Given information

________

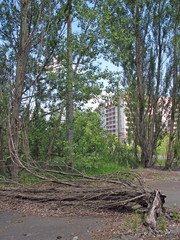 Chernobyl zone, Ukraine, Pripyat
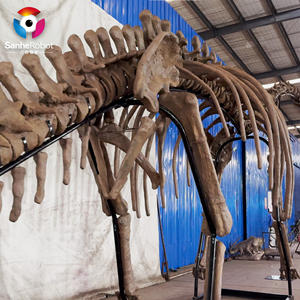 Modèle de squelette de dinosaure fossile grandeur nature, origine ancienne, fossile de dinosaure original - Product Image 4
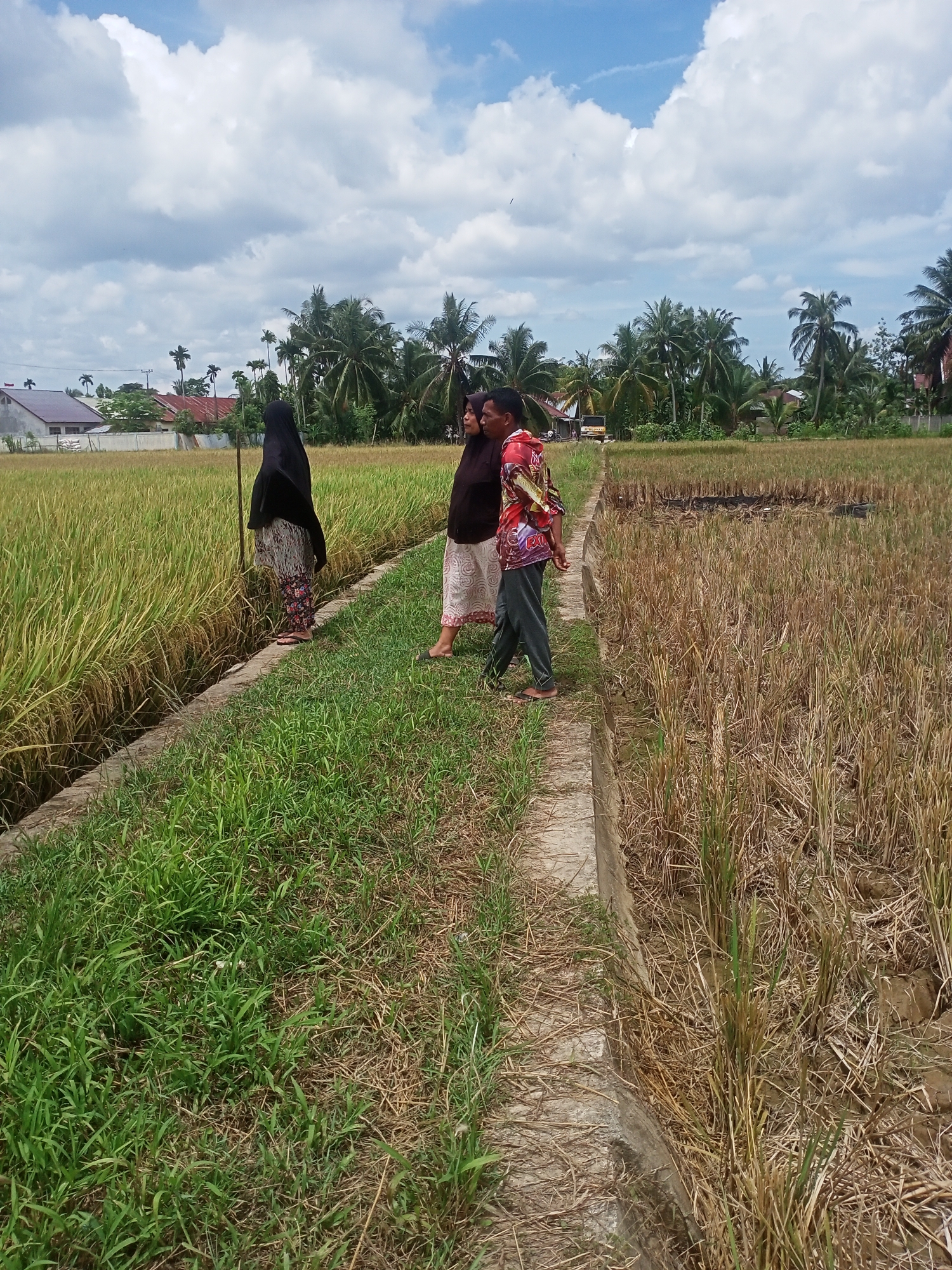 The photograph depicts three individuals walking on a narrow concrete path that bisects a rice field. A woman wearing a black hijab and patterned skirt stands on the path’s edge to the left. Next to her is a woman wearing a brown shirt and patterned skirt. A man wearing a red and yellow patterned shirt and gray pants is walking along the path. The rice field on the left side of the path is full of golden rice, while the field on the right appears to have been harvested and burned, leaving dry straw and blackened patches. In the background, there are palm trees and houses. The sky is partially cloudy with a blue hue. The location is Puntimatangkuli, Indonesia.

________

What you have to do
What is needed is an exact copy of every line from the one with "Modèle de squelette" to the end of the listing above, with the pictures left out.

Result of the exercise
 Modèle de squelette de dinosaure fossile grandeur nature, origine ancienne, fossile de dinosaure original - Product Image 4
 The photograph depicts three individuals walking on a narrow concrete path that bisects a rice field. A woman wearing a black hijab and patterned skirt stands on the path’s edge to the left. Next to her is a woman wearing a brown shirt and patterned skirt. A man wearing a red and yellow patterned shirt and gray pants is walking along the path. The rice field on the left side of the path is full of golden rice, while the field on the right appears to have been harvested and burned, leaving dry straw and blackened patches. In the background, there are palm trees and houses. The sky is partially cloudy with a blue hue. The location is Puntimatangkuli, Indonesia.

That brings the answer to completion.